Exercise directions
Pictures are to be left out, and only the lines from the one containing "Europese Maat Heren" through the last line of the data are to be returned exactly.

Collected material
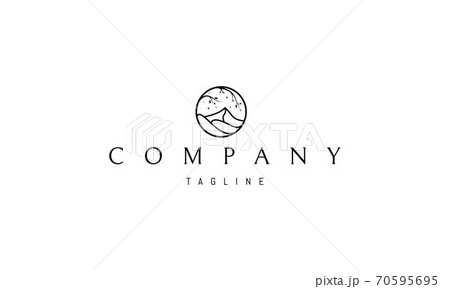 Vector logo on which an abstract image of a landscape with hills and a tree branch in a circle. 70595695
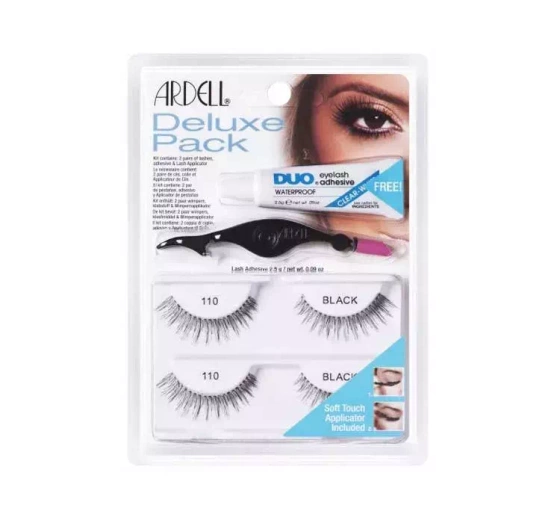 ARDELL DELUXE PACK НАБІР ВІЙ  2 ПАРИ 110 BLACK  + КЛЕЙ + АПЛІКАТОР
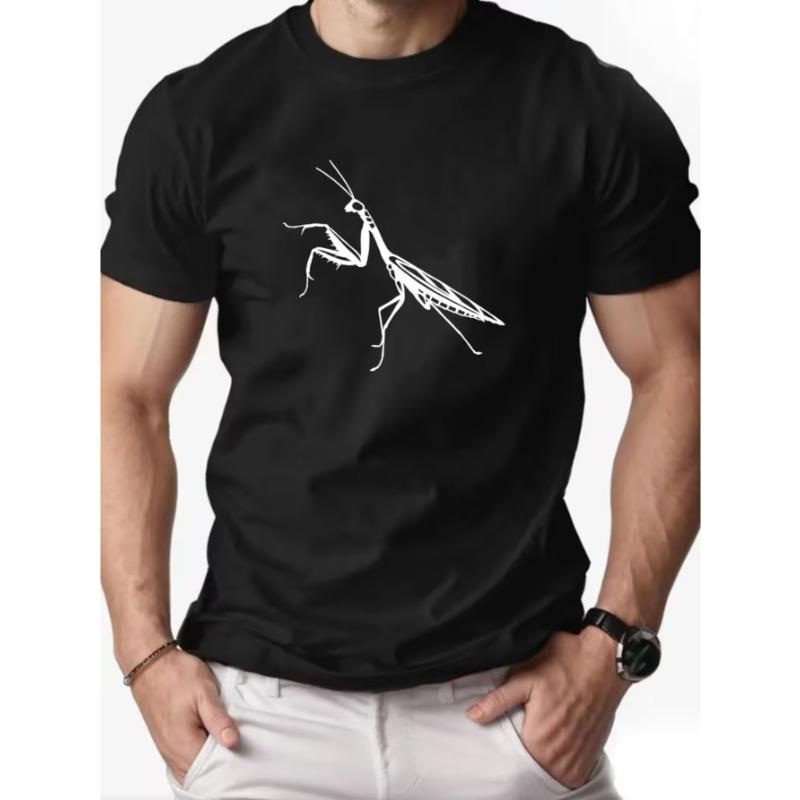 Europese Maat Heren Zomer Casual T-shirt met Biddende Mantis Print | Ronde Hals, Lichte Stretchstof, Perfect voor Strand, Weekend, Sport, Hardlopen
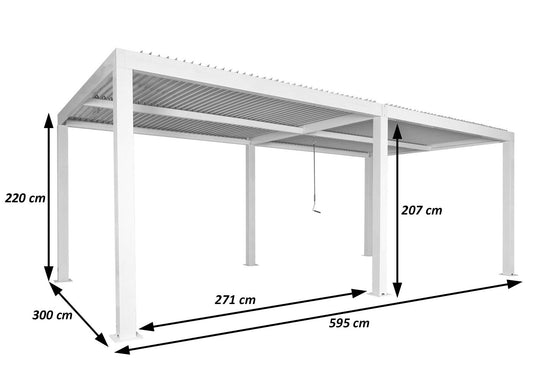 Cosmo Casa - Pergola - Lamellenpaviljoen met Regengoot Stormvast - Aluminium Frame - Antraciet - 3×6 m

Your solution
 Europese Maat Heren Zomer Casual T-shirt met Biddende Mantis Print | Ronde Hals, Lichte Stretchstof, Perfect voor Strand, Weekend, Sport, Hardlopen
 Cosmo Casa - Pergola - Lamellenpaviljoen met Regengoot Stormvast - Aluminium Frame - Antraciet - 3×6 m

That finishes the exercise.